• **Exercise aim**
Output all of the entries exactly as they are given.

·····

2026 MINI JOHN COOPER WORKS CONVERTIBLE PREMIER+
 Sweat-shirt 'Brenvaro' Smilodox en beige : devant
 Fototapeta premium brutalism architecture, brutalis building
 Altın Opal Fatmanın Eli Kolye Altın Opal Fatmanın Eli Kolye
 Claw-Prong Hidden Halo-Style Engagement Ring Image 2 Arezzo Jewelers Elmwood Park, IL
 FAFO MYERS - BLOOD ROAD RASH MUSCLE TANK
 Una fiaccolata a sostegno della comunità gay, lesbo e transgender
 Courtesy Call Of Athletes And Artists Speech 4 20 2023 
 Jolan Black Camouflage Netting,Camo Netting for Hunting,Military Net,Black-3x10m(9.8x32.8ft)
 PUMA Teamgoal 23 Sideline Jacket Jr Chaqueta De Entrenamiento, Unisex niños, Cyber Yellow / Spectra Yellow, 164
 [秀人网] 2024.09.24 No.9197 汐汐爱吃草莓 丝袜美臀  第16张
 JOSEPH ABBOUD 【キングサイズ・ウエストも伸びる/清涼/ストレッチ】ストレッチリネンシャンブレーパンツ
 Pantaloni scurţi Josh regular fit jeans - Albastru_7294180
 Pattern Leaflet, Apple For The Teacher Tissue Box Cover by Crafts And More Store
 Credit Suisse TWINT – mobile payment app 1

·····

• **Answer below**
2026 MINI JOHN COOPER WORKS CONVERTIBLE PREMIER+
 Sweat-shirt 'Brenvaro' Smilodox en beige : devant
 Fototapeta premium brutalism architecture, brutalis building
 Altın Opal Fatmanın Eli Kolye Altın Opal Fatmanın Eli Kolye
 Claw-Prong Hidden Halo-Style Engagement Ring Image 2 Arezzo Jewelers Elmwood Park, IL
 FAFO MYERS - BLOOD ROAD RASH MUSCLE TANK
 Una fiaccolata a sostegno della comunità gay, lesbo e transgender
 Courtesy Call Of Athletes And Artists Speech 4 20 2023 
 Jolan Black Camouflage Netting,Camo Netting for Hunting,Military Net,Black-3x10m(9.8x32.8ft)
 PUMA Teamgoal 23 Sideline Jacket Jr Chaqueta De Entrenamiento, Unisex niños, Cyber Yellow / Spectra Yellow, 164
 [秀人网] 2024.09.24 No.9197 汐汐爱吃草莓 丝袜美臀  第16张
 JOSEPH ABBOUD 【キングサイズ・ウエストも伸びる/清涼/ストレッチ】ストレッチリネンシャンブレーパンツ
 Pantaloni scurţi Josh regular fit jeans - Albastru_7294180
 Pattern Leaflet, Apple For The Teacher Tissue Box Cover by Crafts And More Store
 Credit Suisse TWINT – mobile payment app 1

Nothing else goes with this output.